Use Pydantic’s .model_json_schema() everywhere. Define your schema once as a Pydantic model, then use it for Ollama’s format, for Instructor’s response_model, and for your own validation. One source of truth.
Always validate, even with constraints. Grammar constraints guarantee valid syntax but not valid content. The JSON will parse, but the values might be hallucinated. Validate that extracted data makes sense for your use case.
For small models, always use constraints. Models under 7B are unreliable at producing valid JSON through prompting alone. With Ollama’s format parameter, even a 3B model produces perfectly valid JSON every time.
The Bottom Line
Use Ollama’s format parameter with a JSON schema for most structured output needs. It’s the easiest method, works with any model Ollama supports, and guarantees valid output. For Python pipelines that need Pydantic integration, add Instructor for Ollama or Outlines for Hugging Face/vLLM backends.

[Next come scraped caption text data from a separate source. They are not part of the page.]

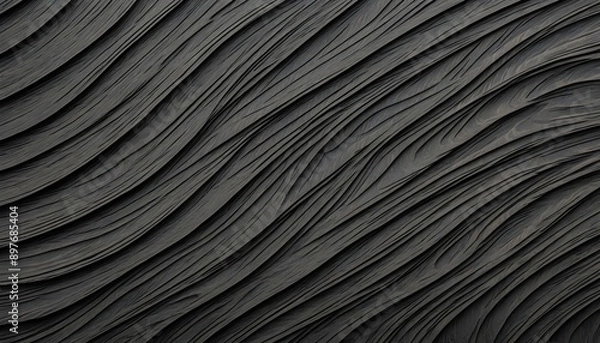 Fototapeta A Damascus steel texture with intricate, wavy patterns and a dark, matte finish, highlighting the unique forging process. Multiple variations available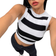 Shein Strick Crop Top Mit Streifen - Muster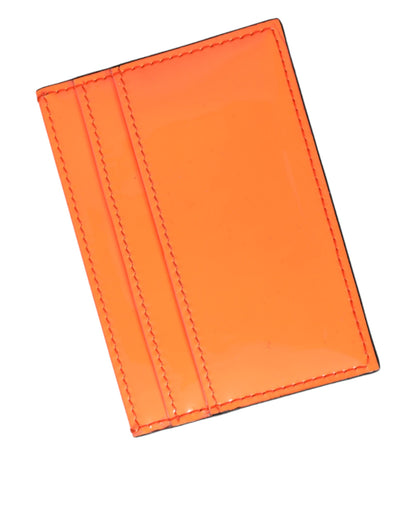 Orange-schwarze Brieftasche mit Kartenhalter aus Leder mit Logo-Schild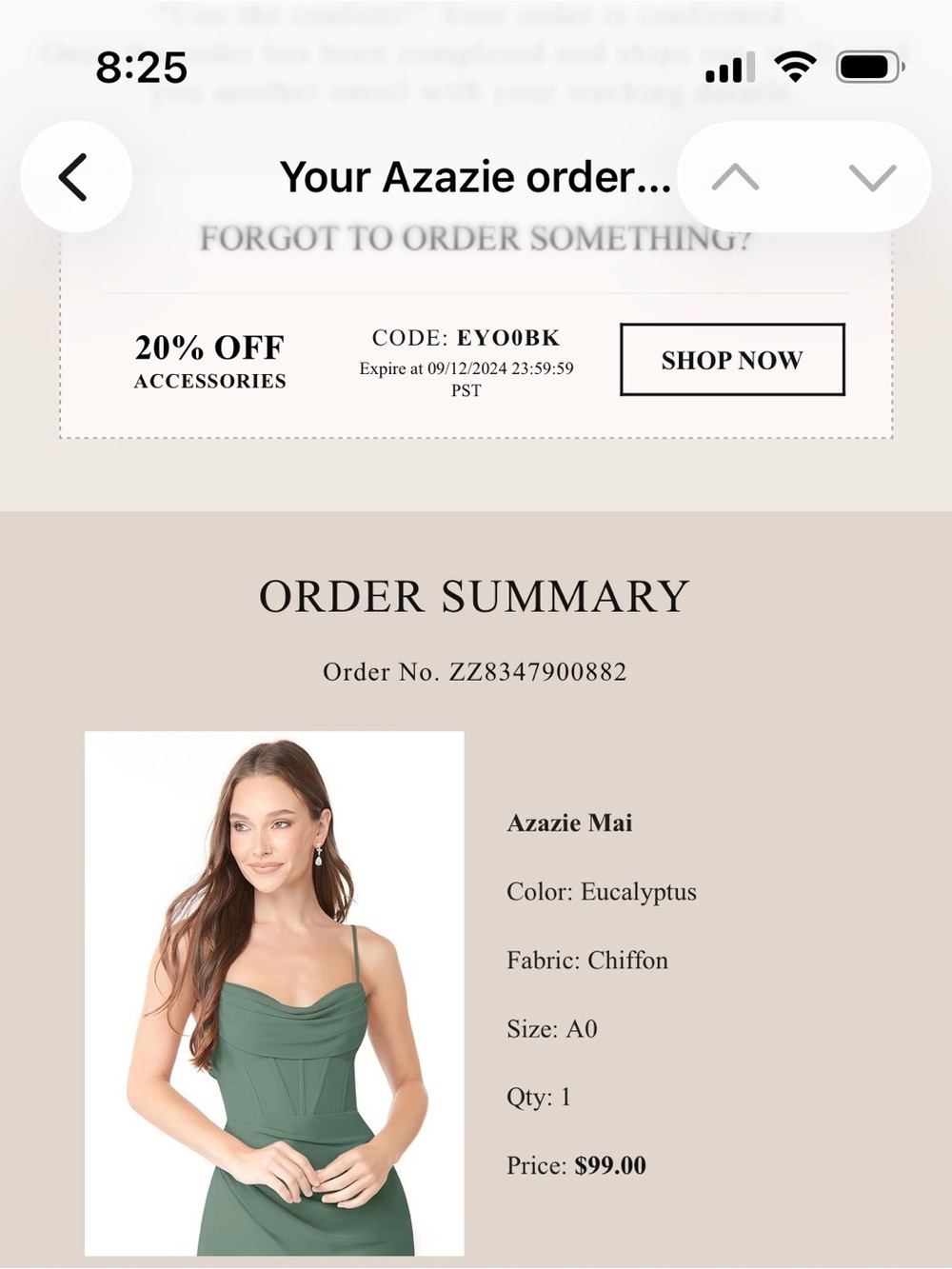 Azazie Eucalyptus Green Chiffon Slip Dress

Don’t rely on prompting alone unless you’re using a strong model (Qwen 2.5 14B+) and have validation and retry logic. For anything in an automated pipeline, grammar constraints eliminate an entire category of bugs.
The models keep getting better at native JSON — Qwen 2.5 specifically targeted this — but constraints are cheap insurance. A 30-50% speed hit is nothing compared to a pipeline failure at 3 AM because the model decided to add a friendly explanation before the JSON.